C’est l’option résolument adoptée par L’oncle d’Amérique, qui n’a d’autre charte graphique, d’autre ligne esthétique que celle que lui inspirent les textes sur lesquels il jette son dévolu, dans la conception du premier titre à son catalogue : un «pseudo-fac-similé», donc, du recueil de nouvelles Brás, Bexiga e[t] Barra Funda (1927) du moderniste brésilien António de Alcantara Machado, composé et mis en pages si ce n’est en toute fidélité, du moins au plus près de l’édition originale, de la première à la quatrième de couverture, faux-titre et achevé d’imprimer compris, et nonobstant l’immixtion d’annexes et d’un appareil critique substantiels. Un parti-pris d’autant plus légitime que l’écrivain, comme l’on sait, rendu familier des ateliers d’imprimerie par son activité dans le journalisme professionnel et la direction d’une petite revue de l’avant-garde littéraire de São Paulo, fut toujours très attentif à la révision de ses textes et s’impliqua personnellement dans la composition de ses ouvrages d’ailleurs édités à compte d’auteur (en l’occurrence, auprès d’un petit imprimeur-éditeur de création qui donna à l’époque quelques livres magnifiques), soignant (et anticipant sur manuscrit) le moindre détail typographique que l’on aurait dès lors bien tort de négliger en le considérant comme une fantaisie accessoire, puisqu’il s’agit bel et bien d’un geste d’auteur, d’un choix stylistique — et vraiment, loin de ces blocs de prose grise et uniforme que l’on nous débite pour l’ordinaire, c’est un texte qui se donne à voir, qui saute aux yeux, par la grâce de quelques effets peu banals que chacun découvrira.
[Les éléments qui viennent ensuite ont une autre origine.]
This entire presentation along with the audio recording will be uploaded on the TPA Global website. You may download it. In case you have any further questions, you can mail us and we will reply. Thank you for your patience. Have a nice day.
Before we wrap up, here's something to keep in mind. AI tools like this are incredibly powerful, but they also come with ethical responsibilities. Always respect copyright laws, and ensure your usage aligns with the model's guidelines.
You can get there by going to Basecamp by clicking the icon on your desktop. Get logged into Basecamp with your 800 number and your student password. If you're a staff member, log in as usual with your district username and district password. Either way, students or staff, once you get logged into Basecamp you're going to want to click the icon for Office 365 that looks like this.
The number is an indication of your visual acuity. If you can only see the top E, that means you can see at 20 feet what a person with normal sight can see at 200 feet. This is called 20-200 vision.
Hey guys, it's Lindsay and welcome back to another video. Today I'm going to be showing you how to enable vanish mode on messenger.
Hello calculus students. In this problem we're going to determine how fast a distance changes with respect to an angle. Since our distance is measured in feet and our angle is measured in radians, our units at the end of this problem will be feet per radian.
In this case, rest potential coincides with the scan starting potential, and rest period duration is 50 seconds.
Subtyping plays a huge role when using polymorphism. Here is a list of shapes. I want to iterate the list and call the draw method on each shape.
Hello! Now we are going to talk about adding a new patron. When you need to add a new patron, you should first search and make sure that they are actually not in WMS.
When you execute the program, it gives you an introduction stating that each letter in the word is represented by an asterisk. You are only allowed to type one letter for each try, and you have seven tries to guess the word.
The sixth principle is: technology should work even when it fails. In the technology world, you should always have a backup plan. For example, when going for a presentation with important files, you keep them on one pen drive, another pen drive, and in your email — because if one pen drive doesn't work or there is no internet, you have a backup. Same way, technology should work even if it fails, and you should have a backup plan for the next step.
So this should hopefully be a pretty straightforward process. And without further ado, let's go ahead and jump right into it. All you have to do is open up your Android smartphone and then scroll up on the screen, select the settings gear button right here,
Dans cette grande petite affaire d'édition, le lecteur français est bien chanceux, puisque rarissimes sont les rééditions brésiliennes qui respectent un tant soit peu les dispositions originales de l’ouvrage. Et il peut en savoir gré à Chloé Garrigues Takeuchi, chargée de notre mise en pages, qui s’est prêtée de bonne grâce à l’exercice imposé et s’en est impeccablement tirée.